As an estimate of the time for 1 blood cell to travel from the mitral tip to apex, we used the average of the peak velocities at all 5 levels along this distance.
Data are presented as mean±SD. For comparisons of the data, paired t test and ANOVA were performed. Regression analyses were done according to Glantz and Slinker12 with a multiple regression model, including dummy variables to account for between-subject differences. The level of significance was a value of P<0.05.
LV Function Before and After Coronary Microembolization
Coronary microembolization caused a marked increase in LV end-diastolic apical pressure (EDP), from 7±3 to 17±4 mm Hg (P<0.001), and a decrease in LV ejection fraction from 0.35±0.06 to 0.23±0.05 (P<0.001). Stroke volume was maintained because of a compensatory increase in end-diastolic volume from 20±6 to 32±7 mL (P<0.001). There was a decrease in LV dP/dtmax from 2107±726 to 1182±486 mm Hg/s (P<0.01) and a downward and rightward shift of the end-systolic pressure-volume relationship (Figure 2⇓), consistent with substantial depression of LV systolic function.
The τ of PLVapex increased from 31±8 to 49±16 ms (P<0.01), whereas τ of PLVmitral increased from 34±4 to 46±15 ms (P<0.05) after induction of LV failure. Although τ tended to be shorter for PLVapex than for PLVmitral, the difference did not reach statistical significance during baseline (P=0.08) or during LV failure (P=0.9) (Table 1⇓).
Timing of LV Filling by CMD
Before induction of LV failure, the CMD recordings showed rapid and nearly simultaneous onset of diastolic flow along the entire LV inflow tract, with peak velocity almost at the same time in the apical and in the mitral region. Accordingly, the TD between peak velocity at the mitral tip and that in the apical region was small (Figure 3A⇓ and Table 2⇓).
After induction of LV failure, the onset of diastolic apical flow became retarded, and the TD index increased from 5±3 to 57±26 ms (P<0.001) (Figure 4A⇓ and Table 2⇑). This flow disturbance was predominantly an apical phenomenon, and the retardation of filling was not seen at the measurement level 0.46 cm distal to the mitral tip (Table 2⇑). From the next measurement level (0.92 cm), the TD increased progressively toward the apex (Table 2⇑).
During LV failure, peak early diastolic filling velocities in the apical region were reduced from 0.30±0.07 to 0.19±0.05 m/s (P<0.01), and at the mitral tip from 0.53±0.06 to 0.37±0.12 m/s (P<0.01).
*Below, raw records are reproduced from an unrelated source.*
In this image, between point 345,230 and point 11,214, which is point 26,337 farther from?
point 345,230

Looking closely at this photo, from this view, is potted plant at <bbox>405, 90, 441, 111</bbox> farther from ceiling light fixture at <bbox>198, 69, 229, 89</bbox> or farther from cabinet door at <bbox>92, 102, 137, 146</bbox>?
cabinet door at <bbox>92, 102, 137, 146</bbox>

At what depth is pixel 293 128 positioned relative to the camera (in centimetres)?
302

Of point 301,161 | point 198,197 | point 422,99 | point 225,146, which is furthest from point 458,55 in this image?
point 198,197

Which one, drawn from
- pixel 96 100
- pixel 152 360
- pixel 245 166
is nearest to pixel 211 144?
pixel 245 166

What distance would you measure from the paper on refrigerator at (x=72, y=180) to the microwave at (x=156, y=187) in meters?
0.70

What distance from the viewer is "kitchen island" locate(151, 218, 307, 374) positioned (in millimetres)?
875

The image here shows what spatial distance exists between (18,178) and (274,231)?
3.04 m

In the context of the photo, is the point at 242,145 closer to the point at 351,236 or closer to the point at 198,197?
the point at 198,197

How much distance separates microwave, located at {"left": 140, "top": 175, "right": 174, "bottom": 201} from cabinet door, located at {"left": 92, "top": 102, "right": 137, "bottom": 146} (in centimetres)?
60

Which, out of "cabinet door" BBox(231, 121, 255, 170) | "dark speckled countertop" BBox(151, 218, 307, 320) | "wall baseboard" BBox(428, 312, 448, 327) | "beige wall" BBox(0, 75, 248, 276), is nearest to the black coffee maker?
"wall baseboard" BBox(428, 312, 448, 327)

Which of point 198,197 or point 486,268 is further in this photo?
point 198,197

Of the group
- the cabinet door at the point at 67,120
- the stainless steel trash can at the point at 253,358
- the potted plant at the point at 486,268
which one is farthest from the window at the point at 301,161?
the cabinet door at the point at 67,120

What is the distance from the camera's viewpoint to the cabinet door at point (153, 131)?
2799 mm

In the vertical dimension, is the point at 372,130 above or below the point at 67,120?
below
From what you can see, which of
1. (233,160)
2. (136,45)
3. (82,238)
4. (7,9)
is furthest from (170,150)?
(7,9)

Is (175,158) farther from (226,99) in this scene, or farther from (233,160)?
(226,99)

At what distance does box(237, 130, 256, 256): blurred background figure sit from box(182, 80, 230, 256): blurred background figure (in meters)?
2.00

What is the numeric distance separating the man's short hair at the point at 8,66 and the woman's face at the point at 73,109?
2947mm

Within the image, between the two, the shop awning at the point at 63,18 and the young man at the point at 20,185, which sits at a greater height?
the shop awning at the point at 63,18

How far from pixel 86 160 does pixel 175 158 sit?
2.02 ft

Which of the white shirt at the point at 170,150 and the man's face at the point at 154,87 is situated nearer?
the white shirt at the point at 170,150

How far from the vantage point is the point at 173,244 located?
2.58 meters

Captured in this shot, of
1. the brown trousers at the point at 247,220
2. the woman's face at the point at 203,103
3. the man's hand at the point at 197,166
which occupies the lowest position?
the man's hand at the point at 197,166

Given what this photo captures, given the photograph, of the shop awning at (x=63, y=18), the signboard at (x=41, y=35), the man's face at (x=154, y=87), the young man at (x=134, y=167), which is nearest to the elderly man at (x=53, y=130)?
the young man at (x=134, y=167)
Averaged peak velocities at the 5 velocity levels from the mitral tip to apex decreased from 0.44±0.04 m/s at baseline to 0.29±0.9 m/s (P<0.01) during LV failure.
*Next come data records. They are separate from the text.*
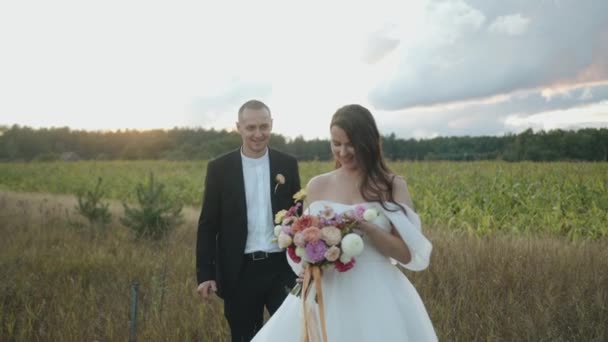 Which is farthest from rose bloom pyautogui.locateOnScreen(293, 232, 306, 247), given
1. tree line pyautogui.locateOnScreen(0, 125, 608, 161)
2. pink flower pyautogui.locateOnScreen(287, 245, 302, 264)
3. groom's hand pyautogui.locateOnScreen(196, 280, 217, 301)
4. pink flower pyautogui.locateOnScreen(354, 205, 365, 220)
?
tree line pyautogui.locateOnScreen(0, 125, 608, 161)

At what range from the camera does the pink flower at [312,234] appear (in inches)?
107

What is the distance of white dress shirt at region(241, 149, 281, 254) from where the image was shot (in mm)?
4055

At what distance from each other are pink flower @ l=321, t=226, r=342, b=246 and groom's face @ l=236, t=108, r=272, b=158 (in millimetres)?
1435

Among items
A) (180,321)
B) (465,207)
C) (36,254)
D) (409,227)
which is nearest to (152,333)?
(180,321)

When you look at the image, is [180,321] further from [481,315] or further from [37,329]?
[481,315]

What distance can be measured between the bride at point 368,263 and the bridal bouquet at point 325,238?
0.24m

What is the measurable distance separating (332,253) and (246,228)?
56.0 inches

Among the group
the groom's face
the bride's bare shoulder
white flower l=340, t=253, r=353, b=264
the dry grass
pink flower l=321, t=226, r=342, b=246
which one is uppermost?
the groom's face

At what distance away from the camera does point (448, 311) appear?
5.25 metres

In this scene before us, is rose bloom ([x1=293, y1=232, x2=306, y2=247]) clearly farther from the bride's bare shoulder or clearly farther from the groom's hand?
the groom's hand

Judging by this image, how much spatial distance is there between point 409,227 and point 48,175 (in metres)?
35.7

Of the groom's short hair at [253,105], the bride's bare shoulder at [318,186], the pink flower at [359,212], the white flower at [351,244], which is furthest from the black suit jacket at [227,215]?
the white flower at [351,244]

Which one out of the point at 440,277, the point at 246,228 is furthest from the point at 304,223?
the point at 440,277

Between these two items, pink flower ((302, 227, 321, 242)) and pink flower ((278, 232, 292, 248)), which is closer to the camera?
pink flower ((302, 227, 321, 242)) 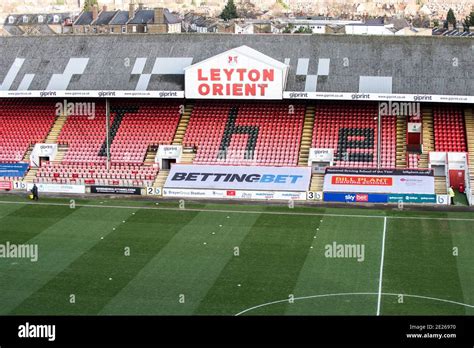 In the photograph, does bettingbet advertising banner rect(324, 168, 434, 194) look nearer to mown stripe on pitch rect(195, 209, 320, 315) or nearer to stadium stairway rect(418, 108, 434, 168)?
stadium stairway rect(418, 108, 434, 168)

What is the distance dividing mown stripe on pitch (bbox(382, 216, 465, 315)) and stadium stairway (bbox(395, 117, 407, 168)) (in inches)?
311

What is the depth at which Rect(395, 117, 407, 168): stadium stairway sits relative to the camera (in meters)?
52.8

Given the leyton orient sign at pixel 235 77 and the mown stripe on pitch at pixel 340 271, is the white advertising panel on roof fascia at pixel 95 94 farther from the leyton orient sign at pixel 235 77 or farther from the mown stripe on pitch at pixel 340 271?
the mown stripe on pitch at pixel 340 271

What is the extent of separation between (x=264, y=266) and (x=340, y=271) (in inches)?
129

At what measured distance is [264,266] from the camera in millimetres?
37344

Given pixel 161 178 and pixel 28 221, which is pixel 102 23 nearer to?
pixel 161 178

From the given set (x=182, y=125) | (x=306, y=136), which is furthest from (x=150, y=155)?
(x=306, y=136)

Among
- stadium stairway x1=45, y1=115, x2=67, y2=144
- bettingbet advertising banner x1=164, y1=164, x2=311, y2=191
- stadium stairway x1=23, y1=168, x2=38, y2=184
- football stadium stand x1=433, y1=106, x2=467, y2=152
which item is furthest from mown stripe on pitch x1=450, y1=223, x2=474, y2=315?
stadium stairway x1=45, y1=115, x2=67, y2=144

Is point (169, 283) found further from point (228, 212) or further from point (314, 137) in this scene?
point (314, 137)

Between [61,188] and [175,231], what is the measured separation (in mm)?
12779

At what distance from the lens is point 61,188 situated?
53531mm

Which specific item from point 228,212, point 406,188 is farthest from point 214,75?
point 406,188

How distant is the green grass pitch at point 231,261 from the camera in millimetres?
32634

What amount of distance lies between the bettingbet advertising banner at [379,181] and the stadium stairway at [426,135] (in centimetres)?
138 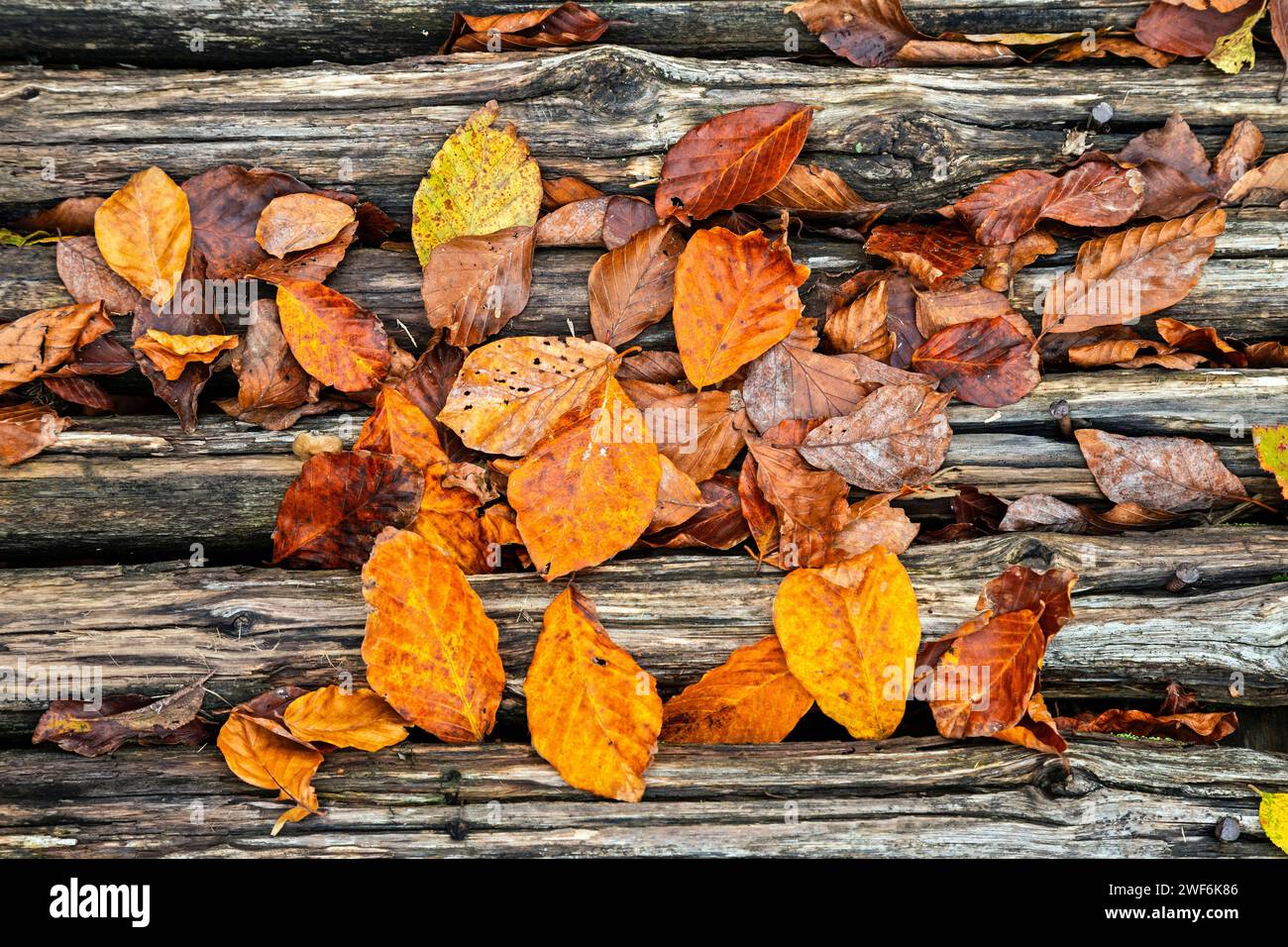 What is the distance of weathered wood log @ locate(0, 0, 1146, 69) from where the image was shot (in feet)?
9.12

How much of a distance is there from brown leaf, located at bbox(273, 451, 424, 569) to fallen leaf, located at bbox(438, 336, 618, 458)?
215mm

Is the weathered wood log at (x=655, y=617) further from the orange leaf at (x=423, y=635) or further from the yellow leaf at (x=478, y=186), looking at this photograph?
the yellow leaf at (x=478, y=186)

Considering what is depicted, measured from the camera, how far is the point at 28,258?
8.61ft

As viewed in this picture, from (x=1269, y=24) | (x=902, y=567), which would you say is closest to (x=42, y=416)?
(x=902, y=567)

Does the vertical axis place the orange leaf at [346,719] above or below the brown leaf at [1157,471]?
below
Intraventricular Pressure Gradients
Figure 3⇑ shows simultaneous flow velocities and intraventricular pressures before coronary embolization in a representative experiment. During onset of early diastolic mitral-to-apical flow, PLVapex was falling at a faster rate than PLVmitral, thereby establishing a pressure gradient toward the apex. Note also that early diastolic pressure nadir in the apex was lower (P<0.05) (Table 2⇑ and Figure 3B⇑) and occurred earlier (P<0.001) than at the mitral tip (Table 2⇑ and Figure 3B⇑).
After coronary microembolization, the 2 pressure nadirs were elevated to approximately the same level and nearly coincided (Table 2⇑, Figure 4B⇑). Thus, the intraventricular mitral-to-apical peak pressure gradient (ΔPLVmitral-apex) was markedly reduced, from 1.9±0.9 to 0.7±0.5 mm Hg (P<0.01) (Table 2⇑). There was a less marked decrease of the peak transmitral pressure gradient (ΔPLA−PLVmitral), from 2.4±0.7 to 1.7±0.7 mm Hg (P<0.01) (Table 2⇑).
Relationship Between Timing of Apical Filling, Intraventricular Pressure Gradients, and LV Function
As demonstrated in the upper panel of Figure 5⇓, the TD index showed a negative correlation with ΔPLVmitral-apex (r=0.94, P<0.01). This relationship tended to be stronger after logarithmic transformation of the data (r=−0.98, P<0.001) (Figure 5⇓, lower panel). There was a positive correlation between TD and τ (r=0.92, P<0.01). TD also correlated strongly with LV ejection fraction (r=−0.91, P<0.01) and end-systolic volume (r=0.91, P<0.01). There was no significant correlation between TD and PLA, heart rate, or LV systolic pressure. ΔPLVmitral-apex correlated strongly with end-systolic volume (r=−0.95, P<0.01) and τ (r=−0.84, P<0.05).
Figure 6⇓ shows a representative dog with simultaneous apical velocities and pressures. Before ischemia, apical flow was accelerating while apical pressure was falling. During ischemic LV failure, however, apical flow was accelerating while apical pressure was rising.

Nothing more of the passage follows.